**Exercise details**
Exact copies of all the records are to be printed.
──────── Working data ────────
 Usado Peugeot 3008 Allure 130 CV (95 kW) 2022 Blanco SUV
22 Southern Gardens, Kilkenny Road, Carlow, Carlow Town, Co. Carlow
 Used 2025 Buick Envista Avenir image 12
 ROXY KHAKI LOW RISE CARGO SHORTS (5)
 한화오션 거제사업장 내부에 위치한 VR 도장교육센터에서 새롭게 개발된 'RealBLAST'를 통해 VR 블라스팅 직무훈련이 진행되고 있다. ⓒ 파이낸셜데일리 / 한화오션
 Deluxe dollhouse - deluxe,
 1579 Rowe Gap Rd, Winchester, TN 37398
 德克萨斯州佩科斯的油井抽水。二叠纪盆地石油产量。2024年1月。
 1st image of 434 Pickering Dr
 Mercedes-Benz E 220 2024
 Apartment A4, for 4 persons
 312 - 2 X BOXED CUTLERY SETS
────────
**Result of the exercise**
 Usado Peugeot 3008 Allure 130 CV (95 kW) 2022 Blanco SUV
22 Southern Gardens, Kilkenny Road, Carlow, Carlow Town, Co. Carlow
 Used 2025 Buick Envista Avenir image 12
 ROXY KHAKI LOW RISE CARGO SHORTS (5)
 한화오션 거제사업장 내부에 위치한 VR 도장교육센터에서 새롭게 개발된 'RealBLAST'를 통해 VR 블라스팅 직무훈련이 진행되고 있다. ⓒ 파이낸셜데일리 / 한화오션
 Deluxe dollhouse - deluxe,
 1579 Rowe Gap Rd, Winchester, TN 37398
 德克萨斯州佩科斯的油井抽水。二叠纪盆地石油产量。2024年1月。
 1st image of 434 Pickering Dr
 Mercedes-Benz E 220 2024
 Apartment A4, for 4 persons
 312 - 2 X BOXED CUTLERY SETS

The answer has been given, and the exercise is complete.